The Fine Arts Museums of San Francisco announces Manet & Morisot, the first major museum exhibition dedicated to the artistic exchange between Édouard Manet and Berthe Morisot: the great pioneer of modern painting, and the female founding member of the Impressionist group.
Theirs was the closest relationship between any two artists in the Impressionist circle, and it played a key role in the course of modern art.
Opening at the Legion of Honor on October 11, 2025, and featuring masterpieces lent from public and private collections on both sides of the Atlantic, Manet & Morisot will present new research casting this friendship—and, by extension, the story of Impressionism—in a fresh light.
Living and working in Paris in the late 1800s, Manet and Morisot were friends, colleagues, and, after her marriage to his brother in 1874, family.
The story of their relationship unfolds over roughly fifteen years (1868–1883), but has most often been told through the portraits Manet painted of Morisot between 1868 and 1874, with Morisot cast as a muse and model, rather than as an esteemed peer.
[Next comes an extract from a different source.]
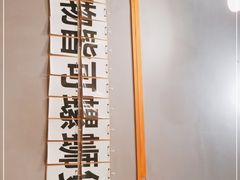 -螺叔螺蛳鸭脚煲(河南岸店)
More recent scholarship confirms that, although Morisot looked to Manet for inspiration and approval during her early career, by the mid-1870s Manet began to follow Morisot’s example, emulating her choice of subjects, colors, and her fluttering brushstrokes.
Through carefully selected pairs and groups of paintings by the two artists, the exhibition will trace the evolution of the two artists’ friendship and mutual influence.
The exhibition is organized by Emily A. Beeny, Chief Curator of the Legion of Honor and Barbara A. Wolfe Curator in Charge of European Paintings, an internationally recognized specialist on the art of Édouard Manet.
It will start at the beginning of Manet and Morisot’s friendship, with paintings of Morisot by Manet, including the 1868-1869 masterpiece The Balcony. The relationship underwent a noticeable shift in the early 1870s, when Morisot’s skill as a plein-air painter won her a place at the heart of the Impressionist group, which mounted its first independent exhibition in 1874. The next section of the show will address this shift through a series of motifs and compositions that the two artists handed back and forth to each other over the course of the 1870s.